Florenz und bagdad

Florenz und Bagdad
Eine westöstliche Geschichte des Blicks

Hans Belting
C.H. Beck, 2008, 318 Seiten, 29,90 €

ISBN: 3-406-57092-5

Der perspektivische Blick und seine Bedeutung für die Kunst, in welcher die perspektivische Malerei zur absolut vorherrschenden Variante dieser Kunstform wurde, entstand im Italien der Renaisance. Gleichzeitig herrscht in der islamischen Welt das allbekannte Bilderverbot vor. Dies sind die geläufigen Eckdaten einer Epoche, die zwar nicht grundlegend falsch sind, in ihrer Absolutheit die Realität der damaligen Zeit jedoch nicht wirklich widerspiegeln. Den gegenseitigen Einfluss und Kontakt der beiden, nie so deutlich getrennten Welten, zeigt der Kunsthistoriker Hans Belting in seinem Buch Florenz und Bagdad - Eine westöstliche Geschichte des Blicks auf.
Entscheidende Bedeutung für die Entwicklung des perspektivischen Blicks und unverzichtbare Voraussetzung dafür waren die Arbeiten des arabischen Mathematikers Abu Ali al-Hasan Ibn al-Haitham (965 - 1040), im Westen bekannt unter dem Namen Alhazen, der inzwischen gar als der arabische Archimedes bezeichnet wurde. Von seinen 92 Büchern sind heutzutage noch 55 Werke erhalten, in denen er unter anderem eine Zusammenfassung der euklidischen Geometrie dar- oder die Planetentheorie des Ptolemäus widerlegte.

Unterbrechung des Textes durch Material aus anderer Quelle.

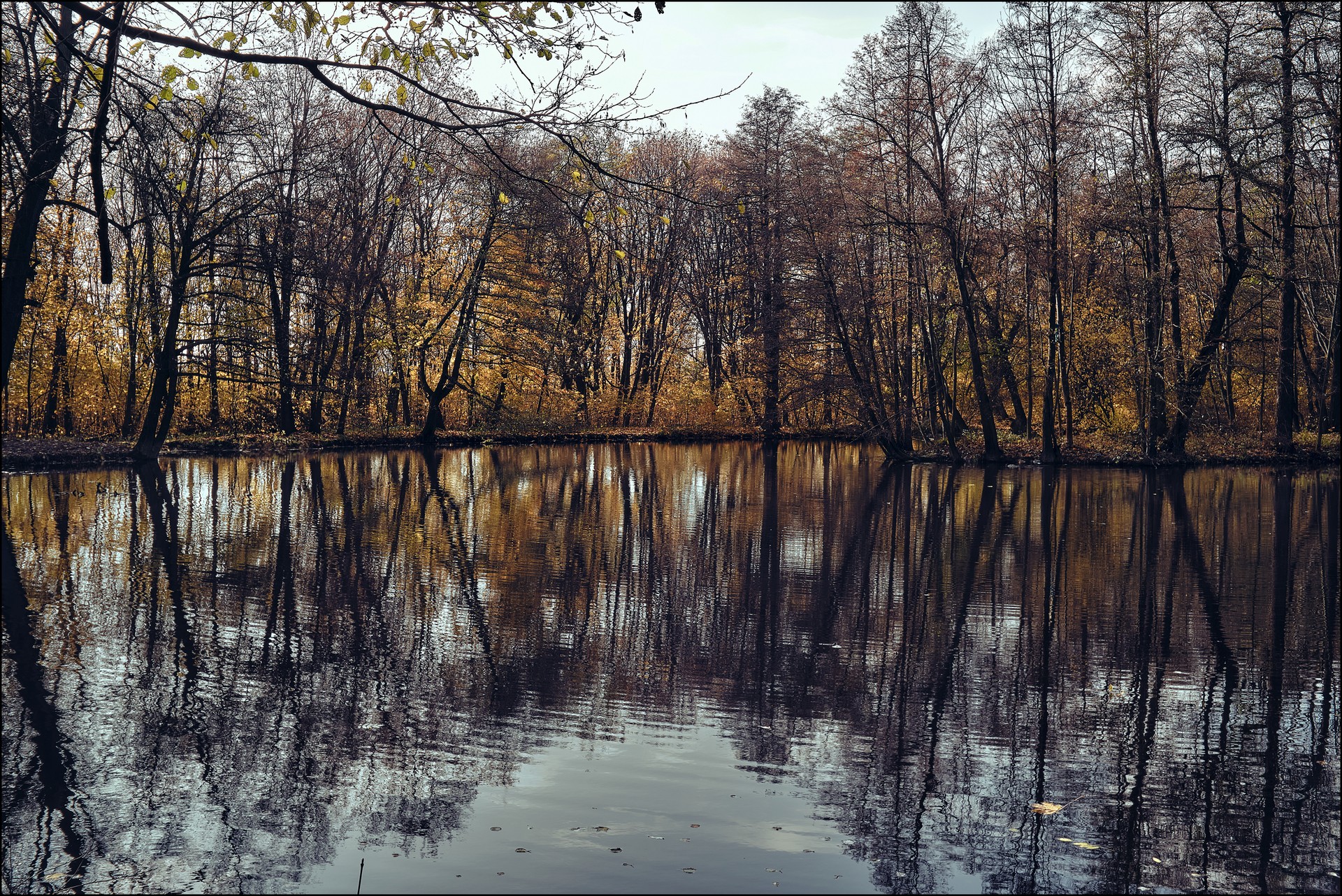 Пруд. Воронцовский Парк. Село Быково Московской Губернии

In seiner Darstellung Alhazens zeigt Hans Belting auch sehr gut, dass das teilweise verbreitete Bild der arabischen Wissenschaftler des Mittelalters als reine Überlieferer der antiken Wissenschaften nicht haltbar ist.
Bereits 1028 versuchte Alhazen in seinem Buch Kitab al-Manazir (Buch der Sehtheorie) "Mathematik und Physik in eine Synthese zu bringen, denn es ging ihm darum, die Kluft zwischen Mathematik und empirischer Beobachtung zu schließen." Übersetzungen und Kommentare zu diesem Buch schrieben unter anderem Roger Bacon und Witelo und es wurde zu einer wichtigen Quelle für Johannes Kepler.
Nicht nur Alhazens Einfluss auf die Entstehung der Perspektive in der europäischen Malerei der Renaissance erläutert Hans Belting. Er zeigt in seinem ständigen Blickwechsel zwischen eben dieser europäischen Renaissance und der islamischen Welt auch die Geometrisierung der Kunst letzterer, welche nicht nur durch ein religiöses Bilderverbot, "sondern auch durch die ästhetischen, gesellschaftlichen und wissenschaftlichen Kontexte dieser Kultur" entstand. So gibt es ein wunderbares Kapitel über die Geometrie der sogenannten Muqarnas, deren genaue Definition schwer fällt und die Belting mit einem Wabendekor oder den Hängeformen von Stalaktiten vergleicht. Er beschreibt sie als "geniale und nahezu einzigartige Erfindung, um die Geometrie aus ihren Flächengrenzen zu erlösen und über diese hinaus dorthin zu führen, wo wir unwillkürlich von Raum sprechen wollen." Die Ausführungen sind an dieser Stelle, sowie im gesamten Buch, mit vielen hilfreichen Illustrationen versehen, welche es ermöglichen, die im Text erläuterten Verfahren und konkret beschriebenen Dinge auch bildlich nachzuvollziehen.
Neben den Muqarnas wird auch die Form der Maschrabiyyas, eine Art Fenstergitter aus Holz und deren geometrische Inszenierung des Lichts analysiert. Das Fenstergitter hat in der arabischen Kultur zum Einen die Funktion eine Trennung von Innen und Außen herbeizuführen, so kann man zwar vom Inneren des Raumes nach Außen sehen, nicht jedoch umgekehrt. Durch das einfallende Licht bilden sich aber außerdem geometrische Muster aus Licht und Schatten am Fußboden und den Wänden, die im Laufe des Tages durch das Zimmer wandern. Belting beschreibt dies mit den Worten: "Wollte man von Perspektive sprechen, so wäre sie im Sinne arabischer Optik eine Perspektive des Lichts, das über die Schranke des Fensters nach innen tritt und dort von der Geometrie des Fensterdekors reguliert wird, ohne dass dabei Bilder in unserem Sinne entstehen."
Damit ist man abschließend auch wieder bei den Studien Alhazens angelangt, welcher sich ausführlich mit Lichtreflexionen auseinandersetzte und auch als Erfinder der camera obscura gilt, welche er selbst bereits al-bait al-muzlim (Dunkle Kammer) nannte.
Auch wenn Hans Belting natürlich seine Darstellung eindeutig auf kunsthistorische Aspekte ausrichtet, lässt sich in diesem Buch, wie in den oben beschriebenen Beispielen gezeigt, auch vieles über Wissenschaftsgeschichte und das Zusammenspiel verschiedener Kulturen in dieser erfahren.